==== Source data ====

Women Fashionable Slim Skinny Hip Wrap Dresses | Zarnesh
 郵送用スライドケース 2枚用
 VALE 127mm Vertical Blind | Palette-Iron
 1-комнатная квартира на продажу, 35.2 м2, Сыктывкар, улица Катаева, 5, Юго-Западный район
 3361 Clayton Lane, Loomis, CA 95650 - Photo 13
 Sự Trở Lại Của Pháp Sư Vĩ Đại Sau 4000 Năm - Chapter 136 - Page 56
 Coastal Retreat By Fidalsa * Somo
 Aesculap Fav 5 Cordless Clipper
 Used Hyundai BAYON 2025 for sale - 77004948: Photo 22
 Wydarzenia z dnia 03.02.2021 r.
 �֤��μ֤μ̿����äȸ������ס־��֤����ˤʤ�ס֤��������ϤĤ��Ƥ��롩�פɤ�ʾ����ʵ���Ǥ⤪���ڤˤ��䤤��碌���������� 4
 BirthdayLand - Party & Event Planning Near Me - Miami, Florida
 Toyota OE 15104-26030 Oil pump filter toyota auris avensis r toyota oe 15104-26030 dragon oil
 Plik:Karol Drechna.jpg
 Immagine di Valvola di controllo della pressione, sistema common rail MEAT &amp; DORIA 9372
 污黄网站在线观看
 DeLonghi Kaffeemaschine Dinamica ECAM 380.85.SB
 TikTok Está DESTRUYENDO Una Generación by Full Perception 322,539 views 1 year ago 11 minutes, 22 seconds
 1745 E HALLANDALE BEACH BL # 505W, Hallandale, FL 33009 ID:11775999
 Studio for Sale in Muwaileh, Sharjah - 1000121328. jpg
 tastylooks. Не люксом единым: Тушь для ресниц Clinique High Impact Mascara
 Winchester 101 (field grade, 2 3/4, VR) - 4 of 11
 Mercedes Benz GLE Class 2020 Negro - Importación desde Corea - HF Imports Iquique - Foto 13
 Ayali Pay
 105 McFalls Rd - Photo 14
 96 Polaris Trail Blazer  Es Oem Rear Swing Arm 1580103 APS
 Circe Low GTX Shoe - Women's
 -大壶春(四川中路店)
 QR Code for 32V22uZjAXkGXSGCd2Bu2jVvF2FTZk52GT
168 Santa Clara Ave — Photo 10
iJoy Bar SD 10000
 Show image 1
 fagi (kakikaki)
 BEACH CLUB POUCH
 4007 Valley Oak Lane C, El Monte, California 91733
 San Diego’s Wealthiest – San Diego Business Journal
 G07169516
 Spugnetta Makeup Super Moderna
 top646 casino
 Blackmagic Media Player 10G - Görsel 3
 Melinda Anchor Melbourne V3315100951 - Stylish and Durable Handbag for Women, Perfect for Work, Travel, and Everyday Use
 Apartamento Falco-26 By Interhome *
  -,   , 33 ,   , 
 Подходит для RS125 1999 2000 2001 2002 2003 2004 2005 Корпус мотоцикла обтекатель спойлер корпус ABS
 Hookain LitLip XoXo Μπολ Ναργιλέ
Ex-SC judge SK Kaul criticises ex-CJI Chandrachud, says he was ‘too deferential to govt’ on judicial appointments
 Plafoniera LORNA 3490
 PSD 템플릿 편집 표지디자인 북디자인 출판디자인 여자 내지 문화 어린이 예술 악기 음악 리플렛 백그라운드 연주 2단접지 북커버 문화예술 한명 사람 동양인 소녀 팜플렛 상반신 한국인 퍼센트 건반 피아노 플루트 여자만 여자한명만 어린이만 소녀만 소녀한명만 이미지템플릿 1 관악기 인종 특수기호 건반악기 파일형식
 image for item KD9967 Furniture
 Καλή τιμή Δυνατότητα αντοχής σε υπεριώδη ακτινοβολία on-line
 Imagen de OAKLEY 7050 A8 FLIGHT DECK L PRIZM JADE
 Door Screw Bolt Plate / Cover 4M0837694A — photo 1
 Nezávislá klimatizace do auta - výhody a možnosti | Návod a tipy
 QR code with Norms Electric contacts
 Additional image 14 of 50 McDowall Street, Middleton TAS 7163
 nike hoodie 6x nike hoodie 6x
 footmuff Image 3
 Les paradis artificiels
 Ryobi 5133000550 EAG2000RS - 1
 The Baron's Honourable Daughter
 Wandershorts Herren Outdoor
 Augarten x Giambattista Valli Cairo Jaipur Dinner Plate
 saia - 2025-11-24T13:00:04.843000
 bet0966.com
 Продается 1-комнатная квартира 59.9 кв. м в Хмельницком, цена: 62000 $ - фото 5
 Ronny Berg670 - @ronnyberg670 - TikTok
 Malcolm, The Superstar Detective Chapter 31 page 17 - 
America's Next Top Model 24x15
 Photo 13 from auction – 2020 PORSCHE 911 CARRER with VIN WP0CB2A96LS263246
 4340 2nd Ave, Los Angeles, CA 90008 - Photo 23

====

* **Task goal**:
Scan the material above. Copy each line where "Women" occurs.

* **Your response**:
Women Fashionable Slim Skinny Hip Wrap Dresses | Zarnesh
 Circe Low GTX Shoe - Women's
 Melinda Anchor Melbourne V3315100951 - Stylish and Durable Handbag for Women, Perfect for Work, Travel, and Everyday Use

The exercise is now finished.